Wednesday, December 4, 2013

Trigger Alert: Hate Speech

Christianitity is indeed a religion of love. And without love, we are nothing (1 Cor. 13:2). If we do not love, we do not know God, for God is love (1 John 4:8). That's his nature. And so those born of God love even as he loves (1 John 4:7). 

But Christianity is also a religion that requires the follower of Christ to hate. That's right. Love hates. Love for God and love for people necessitate hating certain things. The Christian must hate—and, specifically, hate what God hates, and hate it as God hates it. For example, see Rom. 12:9; Heb. 1:9; Jude 23; Rev. 2:6; Ps. 97:10; Prov. 6:16-19. 

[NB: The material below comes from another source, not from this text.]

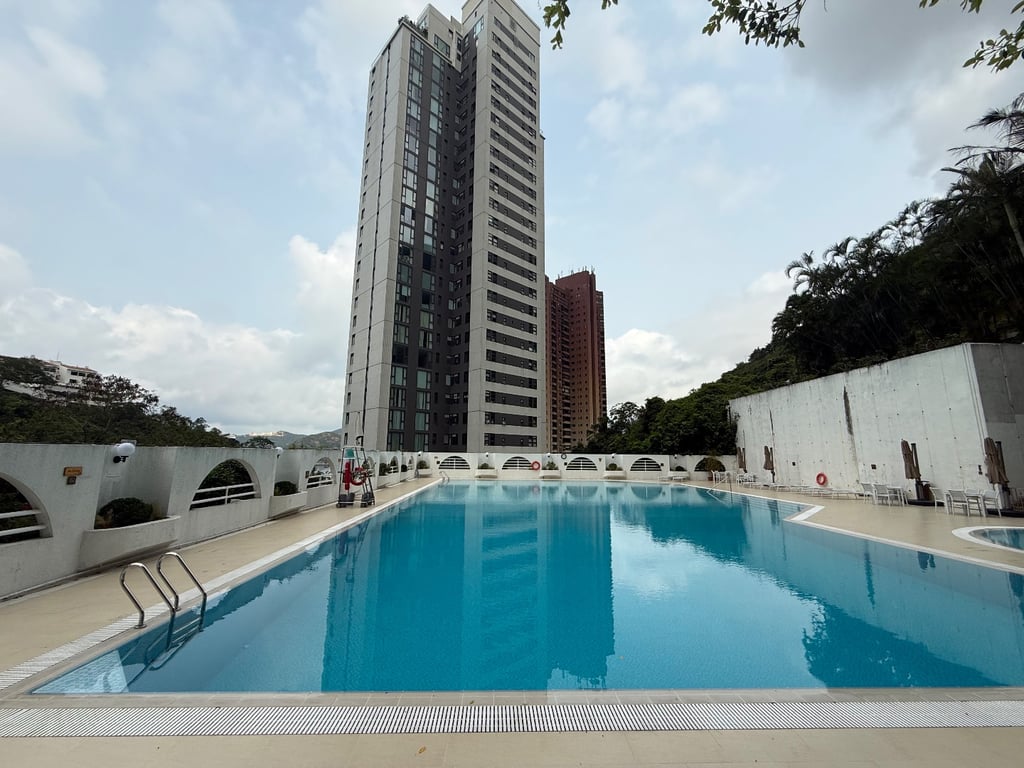 https://img.propertyraptor.com/cdn-cgi/imagedelivery/KD5bF_AFL0JDTbKLWF7z9g/ap8/ap8_001/hornet/prp/img/cea089e06f3aef57a294e332103a665b-wtm.jpg/public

But be prepared if you hate what God hates and how God hates, and you express that hatred. Even many (and I mean many) professing Christians will label you as unkind, harsh, uncharitable. If you say you hate the deeds of the Nicolaitans, that's hate speech, man. And you'll hear it, yes, even from those within the visible church. It's your lot in postmodern America where a certain sort of tolerance reigns supreme. And this postmodern notion of tolerance has many (and again I mean many) professing Christian churches by the throat. 

So if you hate what God hates and how God hates, and you express that hatred, be prepared to have that expressed hatred labeled hate speech, harsh, unkind, unloving, critical, judgmental, uncharitable. 

However, if you are a Bible-believing and Bible-driven Christian, that is to say, if you follow Christ, there will be some things you simply find intolerable. And you'll rightly abhor those things. And though that ought to be praised as godliness, don't hold your breath for that praise. Instead, brace yourself in faith and love for all manner of accusations of unChristlikeness. (Precious few minding Jesus' holy hatred of what God hates.)

Christianity is a relgion of affirmations and denials. Always has been. If everything is affirmed, then the faith once for all delivered to the saints is effectively denied. Let me say it again. If we affirm everything, then we deny the faith. There must be some doctrines and practices that we deny, or we shall have nothing at all to affirm and confess.

So a concluding biblical exhortation and question. First, the exhortation: "Love without hypocrisy. Hate what is evil; hold fast to what is good" (Rom. 12:9). And, second, in addition to the good liturgical question—what do you believe?—it seems salutary and biblical also to ask: Christian, what do you hate?